Exercise directions
An exact reproduction of the records is required, with all images left out.

*** Dataset ***

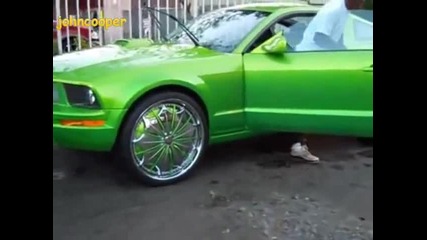 Ford Mustang с Доста Големи Джанти 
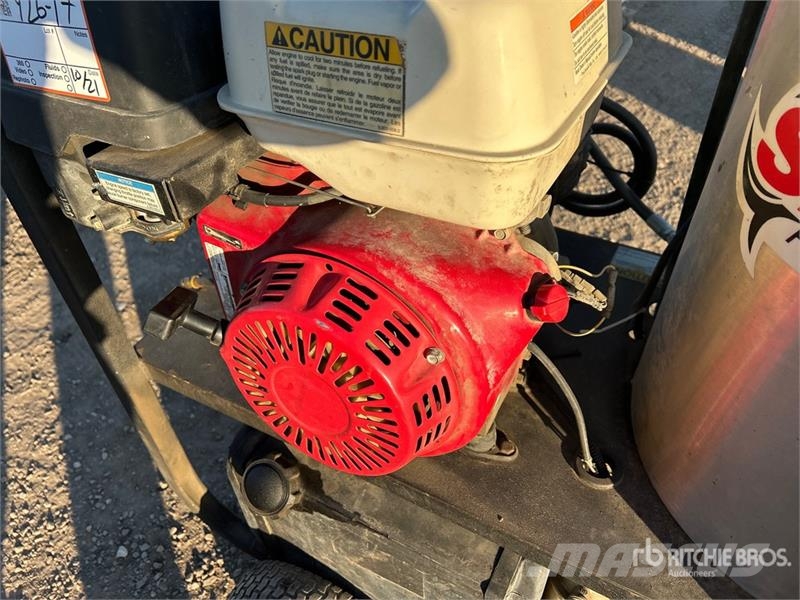 Shark Pressure Washer Мийні апарати низького тиску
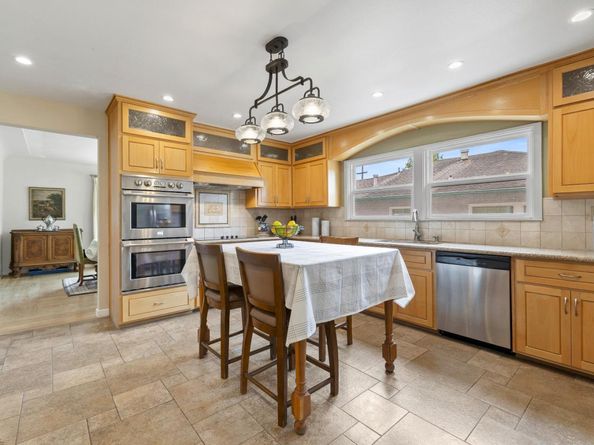 233 Rigg Street, Santa Cruz CA 95060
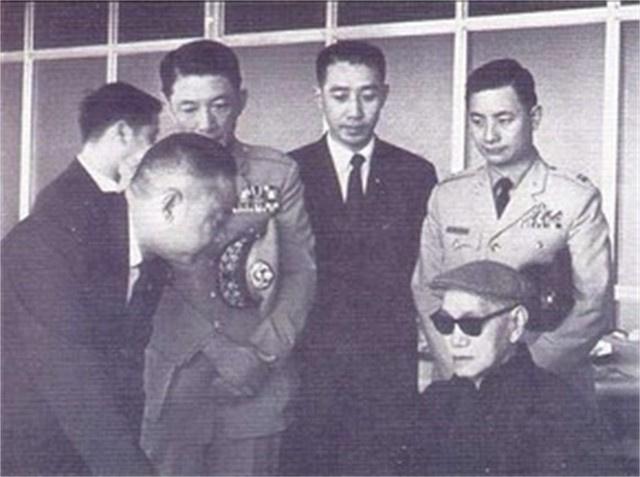 蒋介石去世47年，为何至今还未下葬？贴身侍卫透露葬礼细节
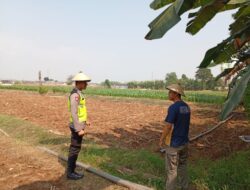 Anggota Bhabinkamtibmas Polsek Jenu Polres Tuban Turun ke Ladang, sambang lahan pertanian.
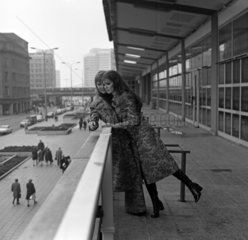 Berlin  DDR  junge Frauen tragen in der Stadt die neueste Herbst-Mode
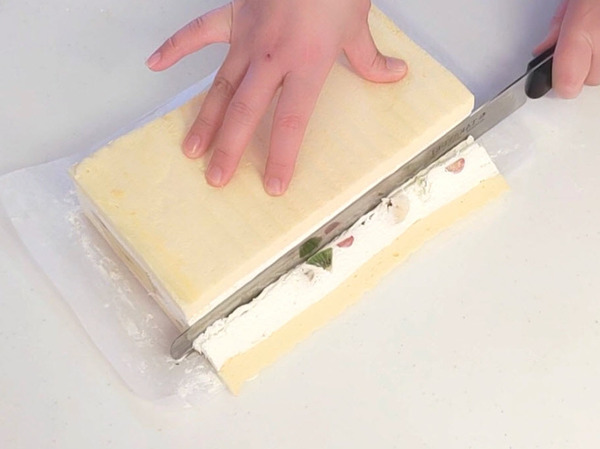 片手で気軽に♪ フルーツサンドケーキの作り方の手順14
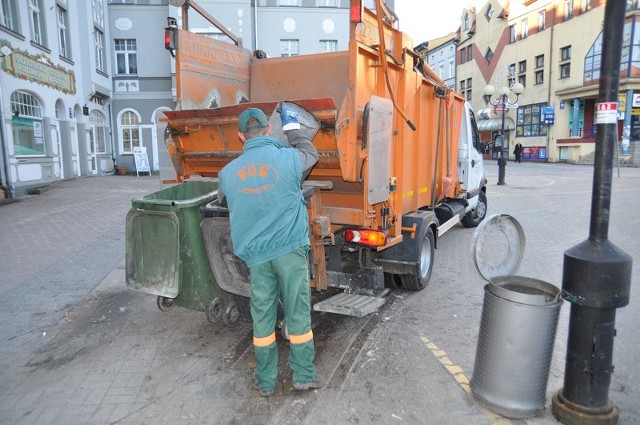 Na razie większość śmieci ze Szczecinka wywozi miejska spółka Przedsiębiorstwo Gospodarki Komunalnej, ale niewykluczone, że do połowy roku będzie to inna firma. Miasto musi ogłosić przetarg na świadczenie tej usługi. 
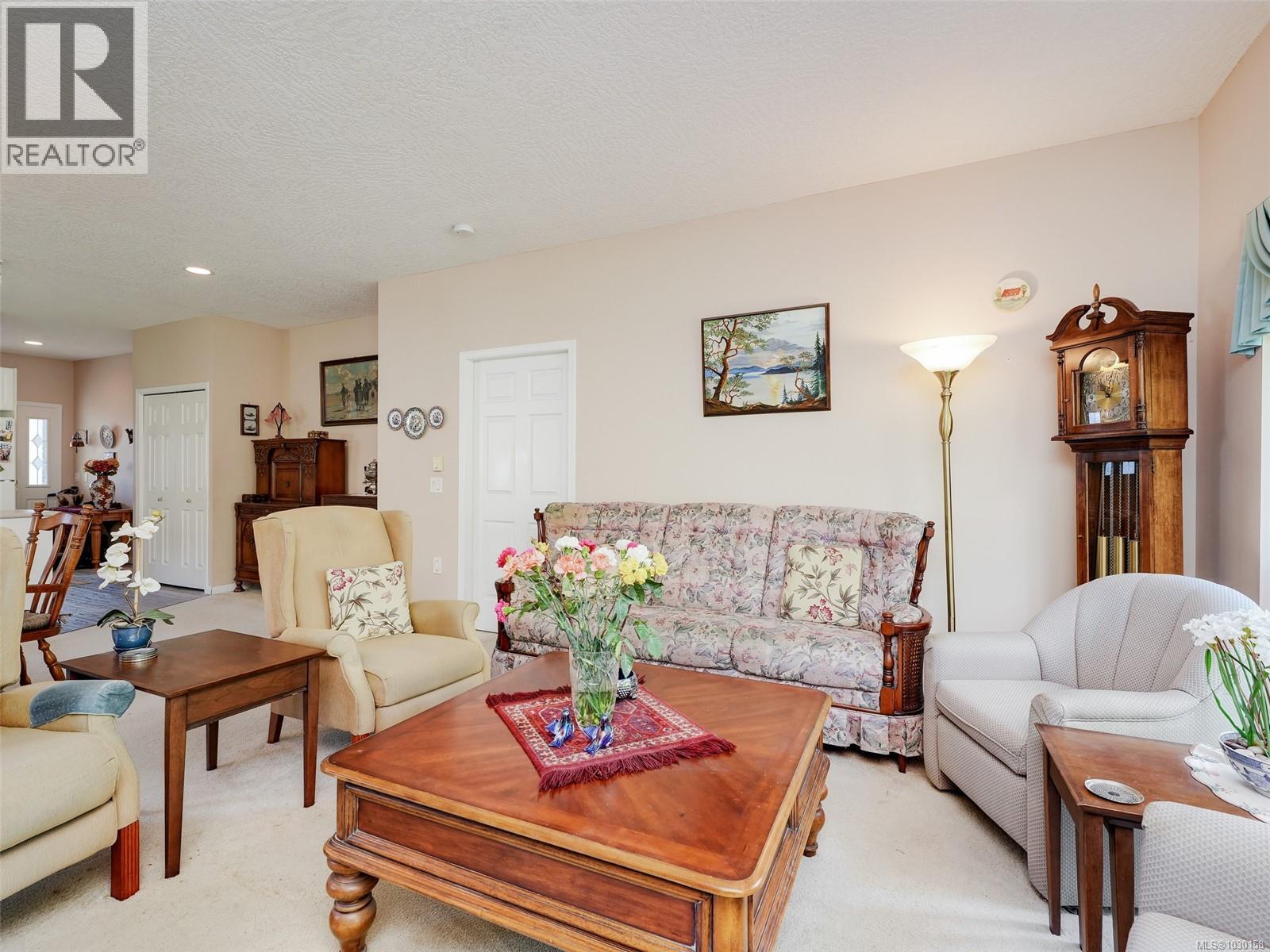 #6 7980 EAST SAANICH RD - Image 3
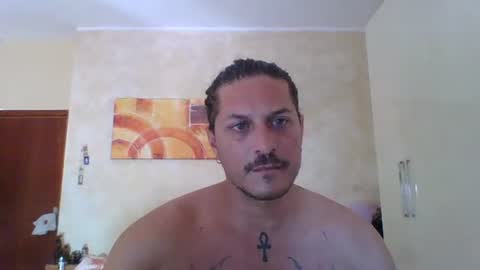 Snapshot of matteushh87 chatting on August 4, 8:28 am matteushh87 online show from August 4, 8:28 am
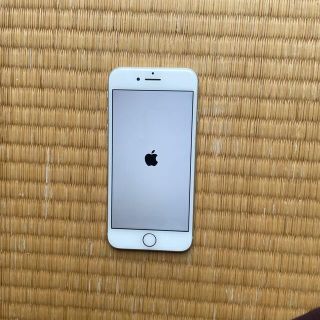 アイフォーン(iPhone)のiPhone 8 Silver 64 GB SIMフリー(スマートフォン本体)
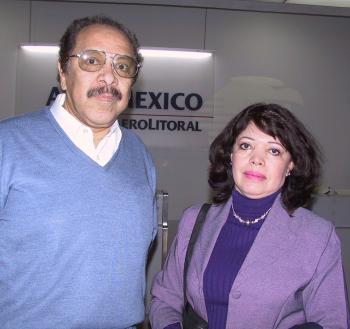 José Ángel Ortiz fue despedido por María de los AÁngeles de Ortiz, antes de viajar al DF.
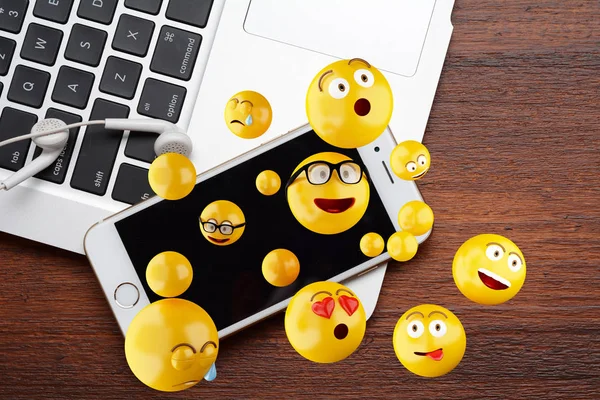 Σχεδιασμός emoji με κινητό τηλέφωνο. — Φωτογραφία Αρχείου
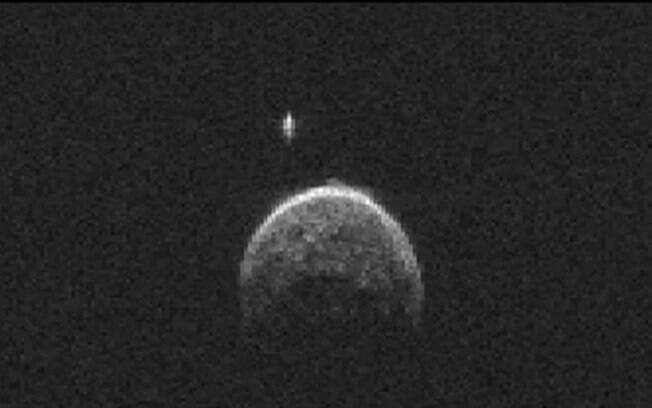 Asteroide 1999 AN10, passou próximo a Terra 1,3 milhão de quilômetros - pouco mais de três vezes a distância à Lua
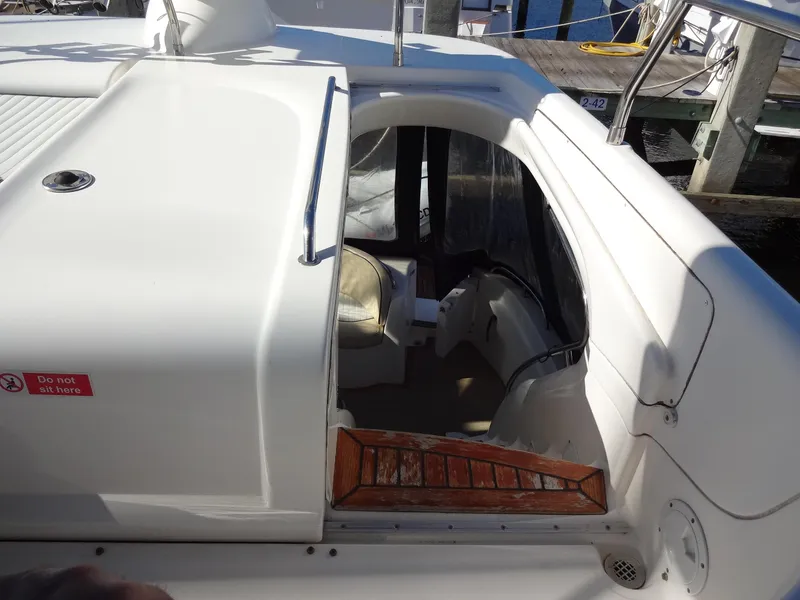 Slide: The Image of Sealine F44 1999 - 96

*** End of Dataset ***

Task solution
 Ford Mustang с Доста Големи Джанти 
 Shark Pressure Washer Мийні апарати низького тиску
 233 Rigg Street, Santa Cruz CA 95060
 蒋介石去世47年，为何至今还未下葬？贴身侍卫透露葬礼细节
 Anggota Bhabinkamtibmas Polsek Jenu Polres Tuban Turun ke Ladang, sambang lahan pertanian.
 Berlin  DDR  junge Frauen tragen in der Stadt die neueste Herbst-Mode
 片手で気軽に♪ フルーツサンドケーキの作り方の手順14
 Na razie większość śmieci ze Szczecinka wywozi miejska spółka Przedsiębiorstwo Gospodarki Komunalnej, ale niewykluczone, że do połowy roku będzie to inna firma. Miasto musi ogłosić przetarg na świadczenie tej usługi. 
 #6 7980 EAST SAANICH RD - Image 3
 Snapshot of matteushh87 chatting on August 4, 8:28 am matteushh87 online show from August 4, 8:28 am
 アイフォーン(iPhone)のiPhone 8 Silver 64 GB SIMフリー(スマートフォン本体)
 José Ángel Ortiz fue despedido por María de los AÁngeles de Ortiz, antes de viajar al DF.
 Σχεδιασμός emoji με κινητό τηλέφωνο. — Φωτογραφία Αρχείου
 Asteroide 1999 AN10, passou próximo a Terra 1,3 milhão de quilômetros - pouco mais de três vezes a distância à Lua
 Slide: The Image of Sealine F44 1999 - 96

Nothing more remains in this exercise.